Das Ziel unserer Arbeitsmarktpolitik sollte deshalb eine bessere Vermittlung und Eingliederung in Arbeit oder Ausbildung sein. Wir wollen die Arbeitsmarktpolitik wieder am Prinzip „Fördern und Fordern“ ausrichten, die Mitwirkungspflichten der Bürgergeldempfänger verbindlich regeln und Sanktionen einfacher durchsetzen. Dazu sind effiziente Verwaltungsstrukturen die Grundvoraussetzung.

Wir wollen dafür sorgen, dass erwerbsfähige Bürgergeldempfänger eine verfügbare Arbeit annehmen müssen und dass diejenigen, die sich der Mitwirkung beharrlich verweigern, mit Leistungsstreichungen sanktioniert werden. Eine Maximaldauer für Leistungsstreichungen lehnen wir ab.
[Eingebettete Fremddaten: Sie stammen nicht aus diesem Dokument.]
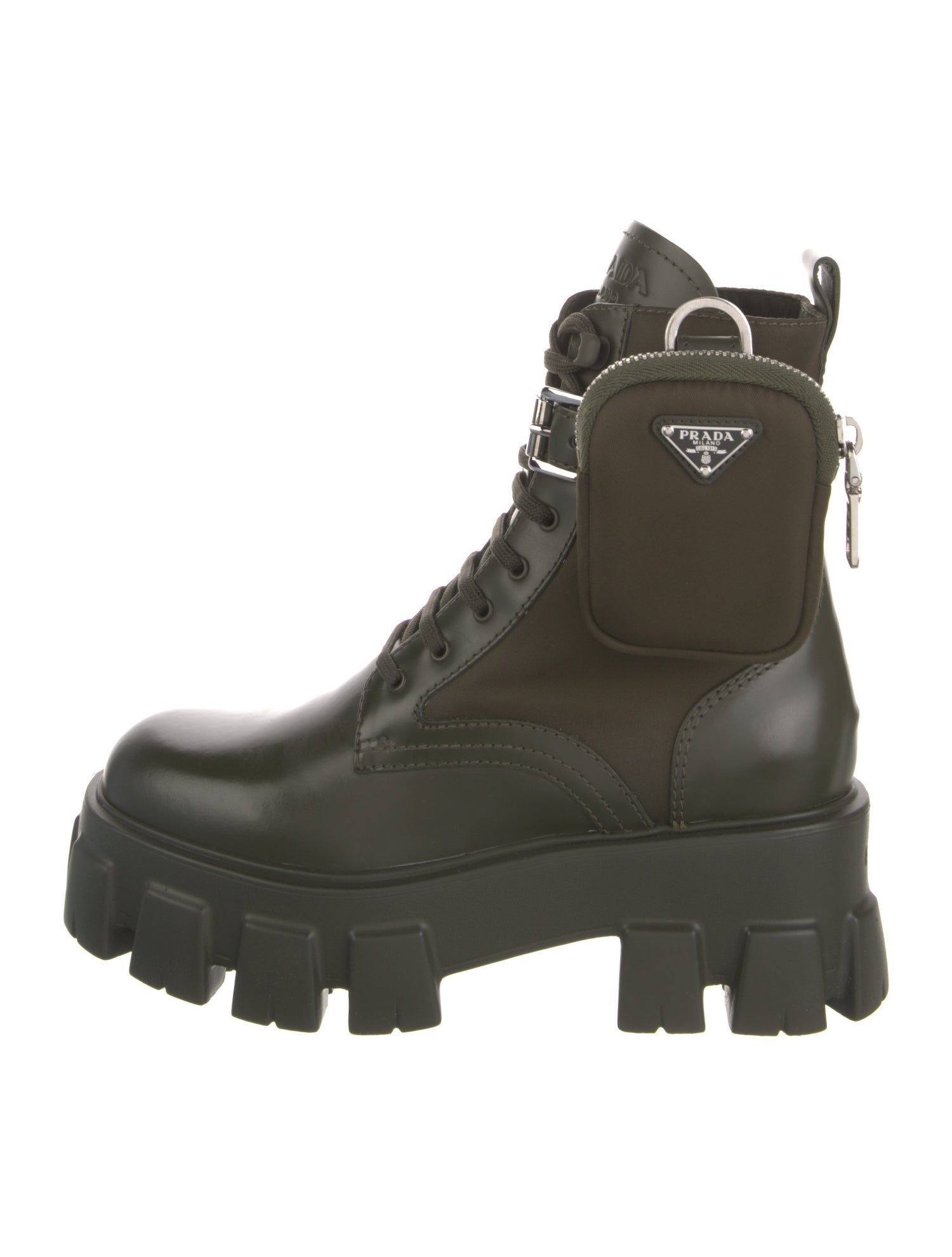 Prada Leather Combat Boots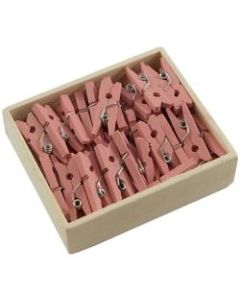 JAM Paper Wood Clip Clothespins, 7/8in, White, Box Of 50 Clothespins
Es muss so lange Leistungsstreichungen geben, wie ein Bürgergeldempfänger sich weigert, zumutbare Arbeit anzunehmen. 
 

NEIN

Bernd Rützel, arbeitsmarkt- und sozialpolitischer Sprecher der Landesgruppe der SPD-Bundestagsfraktion und Vorsitzender des Ausschusses für Arbeit und Soziales

Nein! Denn jeder Mensch kann in Not geraten. Manchen trifft es aus heiterem Himmel. Dann hilft das Bürgergeld. Es sorgt dafür, dass die Menschen ein Dach über dem Kopf haben und nicht im Kalten sitzen müssen. Es sorgt dafür, dass sie Essen haben und einigermaßen am Leben teilhaben können. Die zweite Aufgabe des Bürgergelds ist aber vielleicht noch wichtiger: Betroffene wieder in Arbeit zu bekommen. Denn Arbeit ist mehr als Broterwerb.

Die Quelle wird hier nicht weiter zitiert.